• What is being asked
Only the lines below from the one with "Gliciphila melanops" through the one with "Papered exotic shorthair" are to be written out, exactly and without any images.

• Task data
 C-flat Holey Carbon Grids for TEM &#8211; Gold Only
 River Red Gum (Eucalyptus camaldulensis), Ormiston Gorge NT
* * *
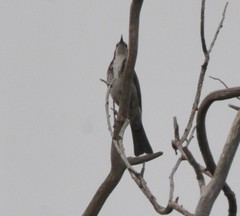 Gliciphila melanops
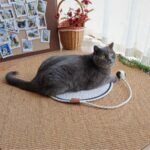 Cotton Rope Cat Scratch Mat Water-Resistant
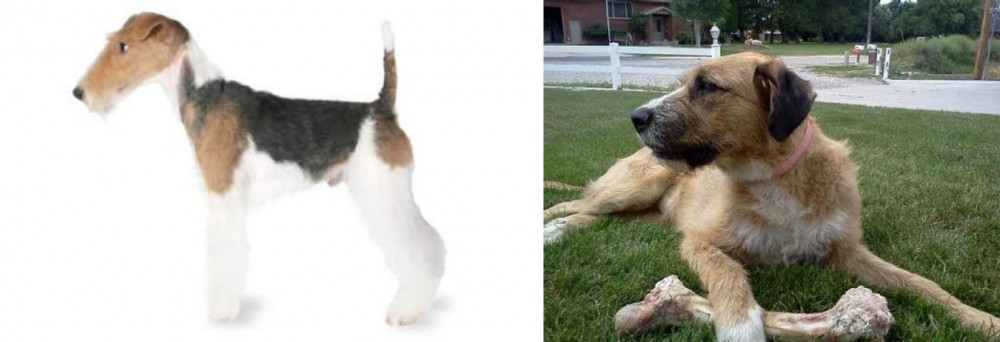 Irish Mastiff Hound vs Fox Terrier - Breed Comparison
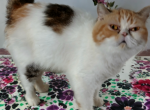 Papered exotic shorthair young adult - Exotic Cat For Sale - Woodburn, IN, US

• Response to this task
 Gliciphila melanops
 Cotton Rope Cat Scratch Mat Water-Resistant
 Irish Mastiff Hound vs Fox Terrier - Breed Comparison
 Papered exotic shorthair young adult - Exotic Cat For Sale - Woodburn, IN, US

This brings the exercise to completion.